Falcon Oil & Gas 'very confident' of landing blue-chip partner in Australia

Falcon Oil & Gas (LON:FOG) (CVE:FO) said it is “very confident” of landing a farm-in partner that will ensure all the plays of its Betaloo Basin property, in Australia, are drilled.
"Falcon is well advanced in its discussions with a number of companies and is very confident of securing an attractive farm-out deal with a large oil and gas company,” it told investors as part of an update on its progress in the first half of the year.
In July the group revealed that Hess elected not to pull the trigger on a five-well programme after being refused a month-long extension to its agreement with London and Dublin-listed explorer.
However, Falcon reported unsolicited interest from other “major” companies looking to partner on what is shaping up to be a world-class conventional and unconventional oil and gas play.

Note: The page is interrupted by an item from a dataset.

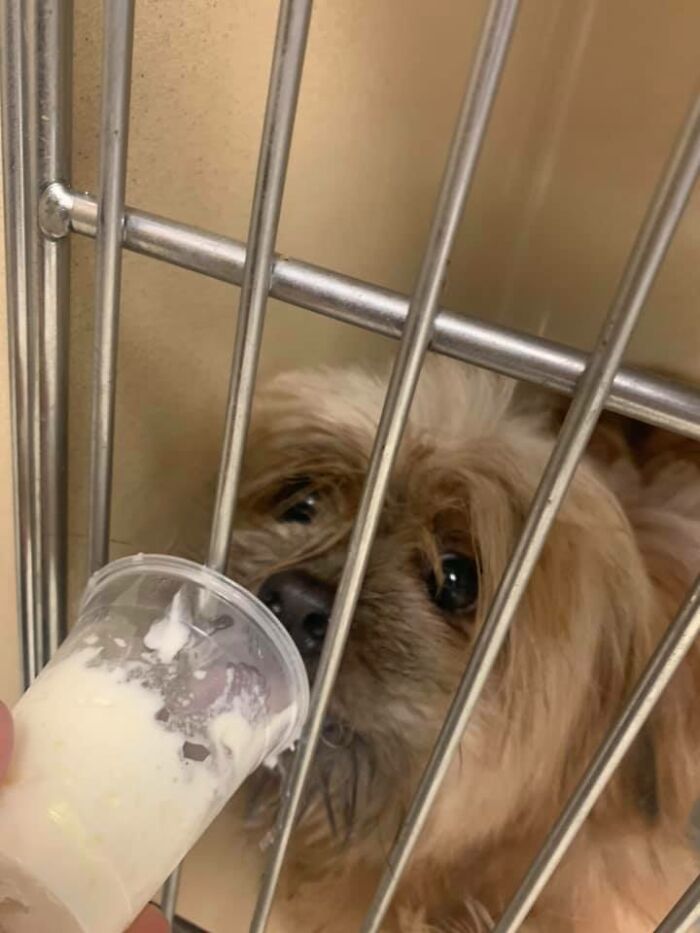 Louisiana Woman Shares Pics And Videos Of Her Feeding Shelter Dogs ‘Puppuccinos’ To Brighten Their Day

In Hungary, meanwhile, preparations for testing the recently drilled Kutvolgy-1 well are now underway and in South Africa the group is waiting the award of unconventional exploration licence in Karoo Basin.
Chief executive Philip O'Quigley said: "The first half of 2013 has been extremely busy for Falcon with drilling in Hungary and seismic in Australia paving the way to the realisation of the potential of our assets.
“We are encouraged by the on-going discussions and comments from government ministers in South Africa and are well positioned to progress in the region alongside our partner Chevron.
“With active discussions currently underway regarding our assets in Australia we look forward to further significant developments in the second half of the year."
At 1.15pm in London, the stock was up 3% at 12.2p – though this is still well below broker Cantor Fitzgerald’s price target of 25p a share.
Cantor reckons the group will have its “pick” of partners, with BG (LON:BG), Statoil (ETR:DNQA), Total (EPA:FP) and ConocoPhilips (NYSE:COP) among the raft of new entrants.
It said Falcon is currently talking to four potential partners, and adds that the farm-out could be provide a significant share price catalyst.